The schools of the BTI represent a similar juxtaposition: The oldest college in the US, Harvard, was founded across the river in what is now Cambridge in 1636, ostensibly to educate ministers and magistrates (although as we shall see, security and strategic planning had a part in its establishment, too); its Divinity School is joined here with other, more “recent” schools of very different theological backgrounds like Andover Newton (1807/1825/1965), the Episcopal Divinity School (1831/1867/1974); Boston University School of Theology (1839/1869) Boston College (1863) Saint John’s Seminary (1883) Gordon Conwell Theological Seminary (1889/1976/1992), Weston Jesuit School of Theology (1922) and the Holy Cross Greek Orthodox Theological School (1937).
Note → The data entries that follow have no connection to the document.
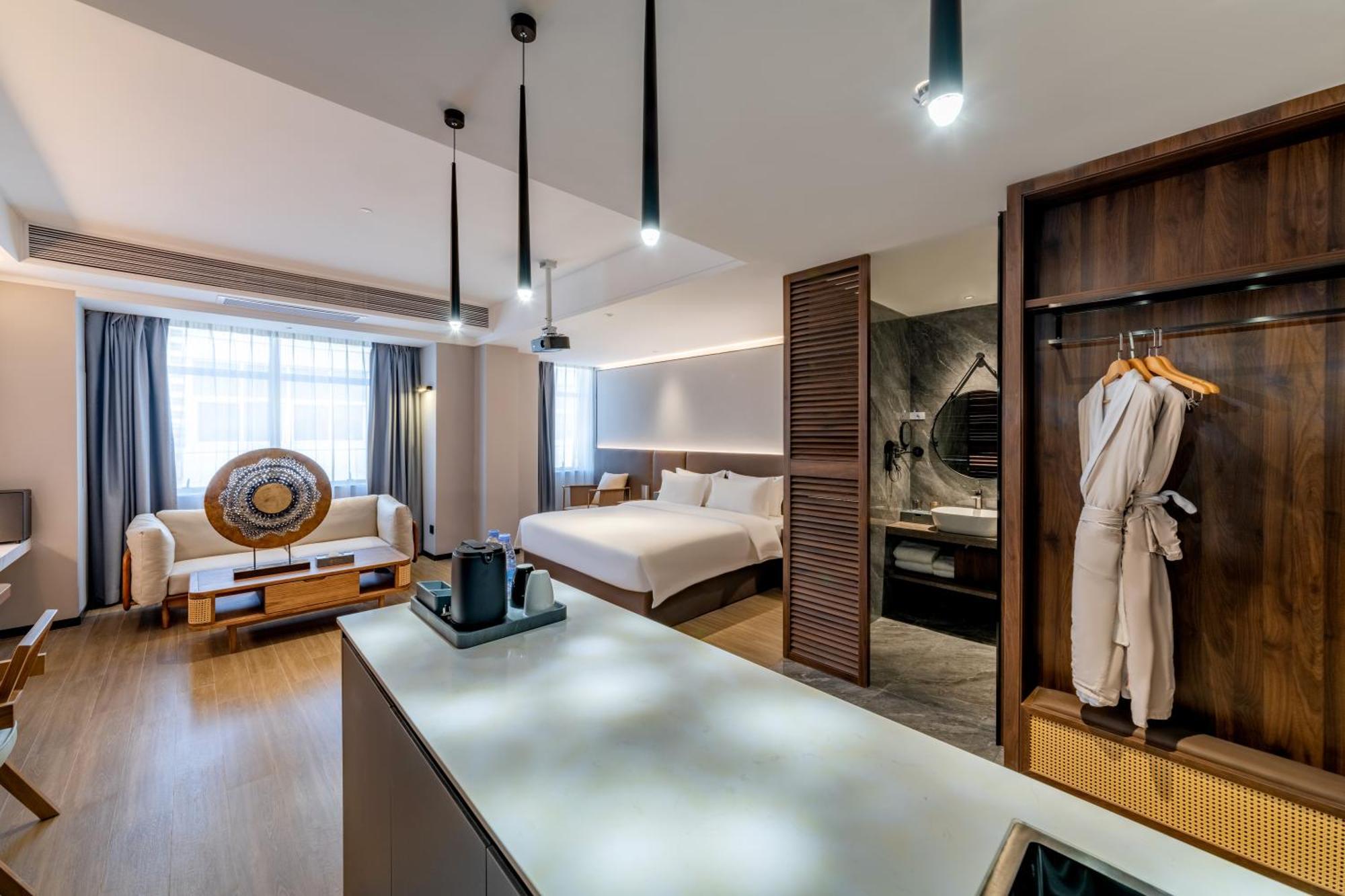Luyue Hotel Movie Hotel Huaqiangbei Convention And Exhibition Center Branch Shenzhen Zewnętrze zdjęcie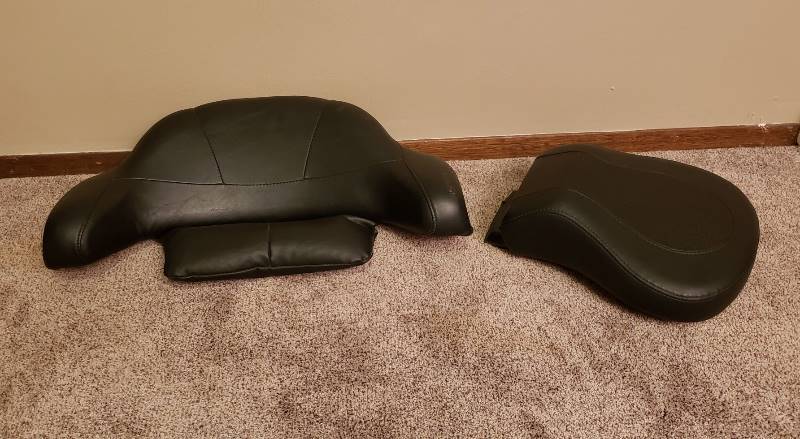 lot 1526 image: Harley-Davidson Trunk Backrest and Seat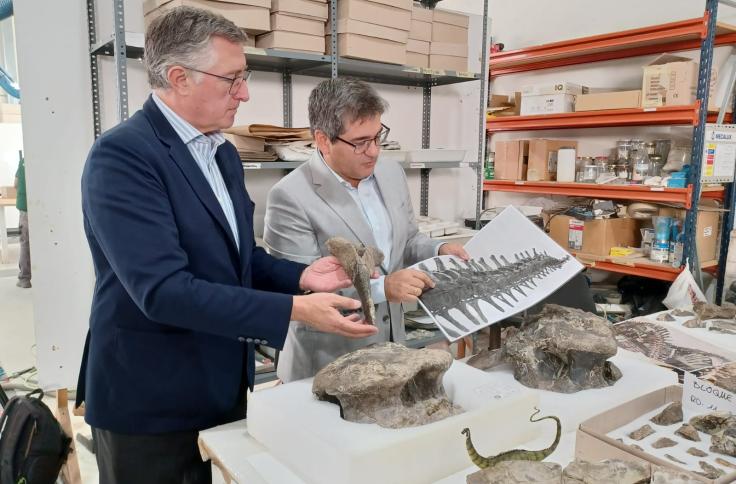Blasco, en su visita a la Fundación Dinópolis.
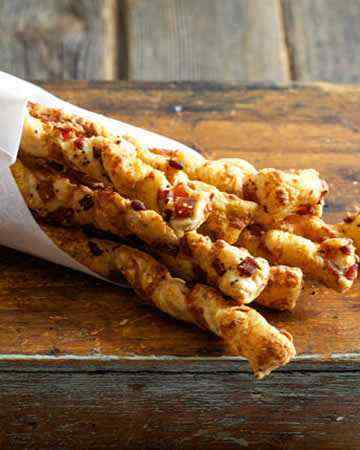 canadian-cheesestrawsbacon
As you can see, in Boston, “recent” may mean something founded in the early19th as opposed to the 17th or 18th centuries–for visitors from some parts of the country, the continental shelf on dates drops nearly two centuries here! (Spanish colonization in the South and Southwest was a century earlier still). Because of this, and because people of many backgrounds settled here, we are fortunate, both in having such a wealth of historically significant representatives of theological education in this institute, and in being the only consortium in which Roman, Greek, and several “flavors” of Reformed traditions work together, finding common ground from which to prosper and grow.

Early Map of Boston

An early map of Boston, probaly based
on the British Lt.Page's 1776 military map

We will visit school and church sites of both historic and present importance, but be aware that one does not always guarantee the other. Some very old congregations, like First Church in Cambridge, Congregational, and the Anglican Christ Church, Cambridge, both in Harvard Square, are lively parishes today–and highly sought after as field placement sites. They lead very active congregational and community lives and are very conscious of their importance as being among the earliest churches of their confession as well. The same can be said of churches like New Old South and Trinity in Downtown Boston, or First Baptist in Newton, which are aware of their continuity with the early congregations which bore the same names, although they now inhabit newer buildings in a different location.

However, other early Boston churches, like churches elsewhere in this country, have fared less well: some have sold their buildings, merged with other congregations–or disappeared altogether. Some others have also been joined or replaced by strong new churches, founded by recent arrivants to the area, and offer a reinvigorated vision of the centrality of the place of the church in its congregants’ lives. Others have joined with longer-established churches, expanding both their ministries and enhancing each others’ energy and community spirit.